For example, a numerical binary response \(Y_i\) that flags the successes (S) has the form:

\[ Y_i = \begin{cases} 1 \; \; \; \; \mbox{if the $i$th observation is S},\\ 0 \; \; \; \; \mbox{otherwise.} \end{cases} \]

In R, you can use the following code to convert a string response into a numerical one:

y_reponse <- if_else(y == "success", 1, 0)

Dataset

In this lecture, we’ll use the Titanic dataset, which contains survival and demographic information about the passangers.

  • You can find details about the columns by typing ?titan.

The titanic dataset has information about 891 passengers.
passenger_id survived passenger_class name sex age sibsp parch ticket_number fare cabin embarked
775 1 2 Hocking, Mrs. Elizabeth (Eliza Needs) female 54 1 3 29105 23.000 S
549 0 3 Goldsmith, Mr. Frank John male 33 1 1 363291 20.525 S

Linear Regression: a range problem

Let’s start by using a LR to explore if there is any association between fare and survival

A function with range \((0,1)\)

With a LR, fitted values may be larger than 1 or smaller than 0!

When the response is binary: \(E[Y|X] = P[Y=1|X]\). We are modeling a probability!!

Let’s use a function of the linear component with range \((0,1)\):

\[ E\left[\ \text{survived}_i\ |\ \text{fare}_i\ \right]= P\left[\ \text{survived}_i = 1\ |\ \text{fare}_i\ \right] = \frac{e^{\beta_0 + \beta_1\times \text{fare}_i}}{1+ e^{\beta_0 + \beta_1\times \text{fare}_i}} \]

Note that this ratio is always between 0 and 1!

The logit function

Using some algebra you can get an alternative formulation:

\[ P\left[\ \text{survived}_i=1\ |\ \text{fare}_i\ \right] = p_i = \frac{e^{\beta_0 + \beta_1\times \ \text{fare}_i}}{1+ e^{\beta_0 + \beta_1\times \ \text{fare}_i}} \qquad [\text{probability}] \]

can also be written as

\[ \underbrace{\log\left(\frac{p_i}{1 - p_i}\right)}_{\textbf{the logit function}} = \beta_0 + \beta_1 \ \text{fare}_i \qquad [\text{log-odds}] \]

The Logistic Regression

We model the logit of the probability with a linear component!!

then all that we learned for MLR can be used for this function of the conditional expectation!!

Thus, this model is known as a Logistic Regression

\[ \log\left(\frac{p_i}{1-p_i}\right) = \beta_0 + \beta_1 X_{1i} + \beta_2 X_{2i} + \ldots + \beta_p X_{pi} \]

Note that there is no error term! we are modeling a function of the conditional expectation

Logistic: a generalized linear model

The logistic regression belongs to a family of models called “generalized linear models”, aka GLMs.


In R, we can use the function glm() that estimates these models but we need to specify which model in the family we are interested in.

For logistic regression: family = binomial

In general, there is no closed-form to calculate the MLE. Thus, an iterative algorithm is needed (see # iteration is the summary)

The MLR also belongs to this family and you can also use glm() to estimate it.

It is the default family: family = gaussian


Note that glm() calculates maximum likelihood estimators (MLE) and lm() calculates least squares estimators.

For Normal random errors, both methods give the same estimates!

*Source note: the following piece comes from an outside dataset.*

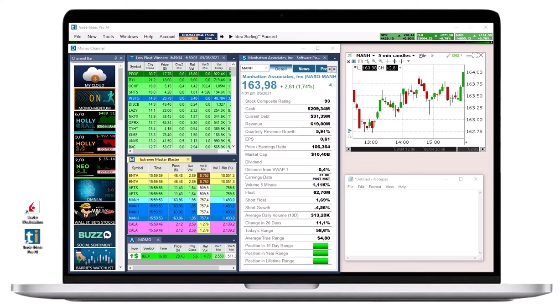Our external linking feature enables you to sync an external platform like your brokerage or charting app with Trade Ideas.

You can get more information about this function using ?glm

Logit: log-odds

glm() models, by default, the logit of the probabilities, usually referred as the “canonical link” function

links the conditional expectation with a linear component

Note that the logit of the probabilities is the log of the odds of success (more details are given in the math appendix)

\[ \text{logit}(p) = \log{\underbrace{\left(\frac{p}{1-p}\right)}_{\textbf{odds}}} = \log(\text{odds}) \]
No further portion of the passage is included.